Antivampiros, os zumbis não tem classe nenhuma, eles mal falam  e nem conseguem andar direito. Apenas grunhem (“Brains!”) e atacam, quase sempre em bando e querendo, não o sangue, mas o cérebro. Talvez seja a melhor metáfora para a cultura pop – e para os Estados Unidos – que a cultura pop – e os EUA – conseguiu inventar. Os zumbis deixaram a coxia da cultura trash há duas décadas, saindo do cinema de terror para os videogames, depois para os quadrinhos e TV. Walking Dead e Resident Evil são apenas os nomes mais conhecidos de uma tendência que se desdobra em livros e filmes (Brad Pitt é o produtor do futuro World War Z, escrito pelo filho de Mel Brooks, Max, autor do Guia de Sobrevivência a Zumbis, já publicado no Brasl) e até mesmo em passeatas à fantasia – as Zombie Walks acontecem nas maiores cidades do mundo (até no Brasil) – e a aplicativos para celular, como o ZombieMe (que transforma a foto de qualquer pessoa na foto de um zumbi faminto).

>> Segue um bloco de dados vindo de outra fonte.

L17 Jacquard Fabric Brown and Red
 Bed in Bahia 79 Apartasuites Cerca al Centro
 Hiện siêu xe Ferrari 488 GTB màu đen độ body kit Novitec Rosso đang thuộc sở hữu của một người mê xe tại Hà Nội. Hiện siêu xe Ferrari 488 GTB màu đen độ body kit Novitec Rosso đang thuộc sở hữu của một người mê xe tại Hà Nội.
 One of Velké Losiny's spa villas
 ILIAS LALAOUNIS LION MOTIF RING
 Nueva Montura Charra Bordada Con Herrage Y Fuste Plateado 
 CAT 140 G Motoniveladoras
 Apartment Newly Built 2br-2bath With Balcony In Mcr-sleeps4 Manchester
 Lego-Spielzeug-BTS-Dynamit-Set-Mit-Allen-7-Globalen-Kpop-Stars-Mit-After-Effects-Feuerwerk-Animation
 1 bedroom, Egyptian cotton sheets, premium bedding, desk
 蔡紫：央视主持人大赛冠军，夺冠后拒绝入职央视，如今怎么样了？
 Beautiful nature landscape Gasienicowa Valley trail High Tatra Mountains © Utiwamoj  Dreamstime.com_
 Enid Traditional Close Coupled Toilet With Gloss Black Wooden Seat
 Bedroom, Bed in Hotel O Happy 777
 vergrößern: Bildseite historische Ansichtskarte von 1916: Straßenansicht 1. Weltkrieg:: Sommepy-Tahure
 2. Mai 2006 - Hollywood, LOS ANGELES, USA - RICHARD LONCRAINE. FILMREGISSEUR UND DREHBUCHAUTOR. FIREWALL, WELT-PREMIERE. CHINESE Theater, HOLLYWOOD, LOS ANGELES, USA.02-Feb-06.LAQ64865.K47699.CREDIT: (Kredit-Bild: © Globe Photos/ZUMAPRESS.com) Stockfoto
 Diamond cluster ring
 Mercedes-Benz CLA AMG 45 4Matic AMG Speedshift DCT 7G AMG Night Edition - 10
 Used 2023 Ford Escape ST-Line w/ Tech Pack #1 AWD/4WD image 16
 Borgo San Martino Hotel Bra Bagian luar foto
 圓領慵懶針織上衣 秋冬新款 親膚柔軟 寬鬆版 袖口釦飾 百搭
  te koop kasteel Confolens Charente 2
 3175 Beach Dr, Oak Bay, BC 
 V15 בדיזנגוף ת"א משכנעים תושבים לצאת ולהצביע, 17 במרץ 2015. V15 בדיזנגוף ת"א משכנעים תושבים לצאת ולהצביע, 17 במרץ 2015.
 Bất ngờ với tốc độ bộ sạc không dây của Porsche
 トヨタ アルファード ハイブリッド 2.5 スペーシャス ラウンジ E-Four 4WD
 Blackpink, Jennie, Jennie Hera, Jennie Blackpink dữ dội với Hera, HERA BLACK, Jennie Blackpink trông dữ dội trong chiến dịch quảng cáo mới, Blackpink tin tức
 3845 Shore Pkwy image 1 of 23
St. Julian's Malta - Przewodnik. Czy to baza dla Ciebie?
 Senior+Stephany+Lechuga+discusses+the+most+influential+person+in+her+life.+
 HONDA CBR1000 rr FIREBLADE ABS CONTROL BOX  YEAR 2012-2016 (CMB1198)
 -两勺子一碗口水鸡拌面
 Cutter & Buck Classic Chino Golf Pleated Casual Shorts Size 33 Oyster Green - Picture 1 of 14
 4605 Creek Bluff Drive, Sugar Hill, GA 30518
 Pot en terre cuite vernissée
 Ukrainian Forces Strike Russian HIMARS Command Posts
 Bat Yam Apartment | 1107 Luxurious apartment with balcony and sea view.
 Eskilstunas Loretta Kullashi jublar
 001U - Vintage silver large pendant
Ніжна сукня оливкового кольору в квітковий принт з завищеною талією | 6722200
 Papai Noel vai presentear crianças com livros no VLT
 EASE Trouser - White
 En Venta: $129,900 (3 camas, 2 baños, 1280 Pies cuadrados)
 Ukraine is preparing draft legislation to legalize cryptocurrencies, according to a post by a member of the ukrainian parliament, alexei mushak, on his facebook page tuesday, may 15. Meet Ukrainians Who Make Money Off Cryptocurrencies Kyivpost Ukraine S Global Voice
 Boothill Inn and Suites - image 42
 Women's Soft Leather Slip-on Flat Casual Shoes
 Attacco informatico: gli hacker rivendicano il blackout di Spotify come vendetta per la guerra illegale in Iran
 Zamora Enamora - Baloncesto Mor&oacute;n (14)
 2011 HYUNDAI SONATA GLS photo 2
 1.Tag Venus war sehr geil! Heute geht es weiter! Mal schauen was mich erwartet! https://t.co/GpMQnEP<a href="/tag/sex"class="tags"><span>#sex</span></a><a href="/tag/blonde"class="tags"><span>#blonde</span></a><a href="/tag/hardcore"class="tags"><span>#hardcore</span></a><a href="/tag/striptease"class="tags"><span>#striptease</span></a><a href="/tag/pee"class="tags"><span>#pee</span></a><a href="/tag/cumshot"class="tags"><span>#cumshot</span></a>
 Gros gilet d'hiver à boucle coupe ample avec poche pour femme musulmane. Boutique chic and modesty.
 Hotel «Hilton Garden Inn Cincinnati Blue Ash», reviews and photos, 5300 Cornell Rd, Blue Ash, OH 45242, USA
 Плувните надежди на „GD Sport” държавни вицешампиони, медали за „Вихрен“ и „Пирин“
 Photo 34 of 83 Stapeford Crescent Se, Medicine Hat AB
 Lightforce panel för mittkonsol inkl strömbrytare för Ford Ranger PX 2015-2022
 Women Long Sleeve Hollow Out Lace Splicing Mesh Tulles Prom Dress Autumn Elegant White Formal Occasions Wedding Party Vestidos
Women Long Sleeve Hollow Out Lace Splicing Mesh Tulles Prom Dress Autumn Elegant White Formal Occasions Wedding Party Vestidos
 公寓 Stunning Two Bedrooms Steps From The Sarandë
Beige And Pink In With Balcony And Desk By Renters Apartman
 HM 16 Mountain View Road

E agora vem o Brasil, canibal de si mesmo, horrorizar primeiro seus próprios cidadãos com essa história trágica, que já vem sendo repercutida no exterior, e criando mais curiosidade mórbida sobre o país. Passado o horror, quem sofreu além das vítimas foi o setor de salgadinhos da pequena Garanhuns. Desde que a receita dos salgadinhos de Isabel veio à tona, todos perderam o apetite por coxinhas, empadinhas, risoles e quetais. Ninguém mais compra salgadinho na rua. Bando de coxinhas…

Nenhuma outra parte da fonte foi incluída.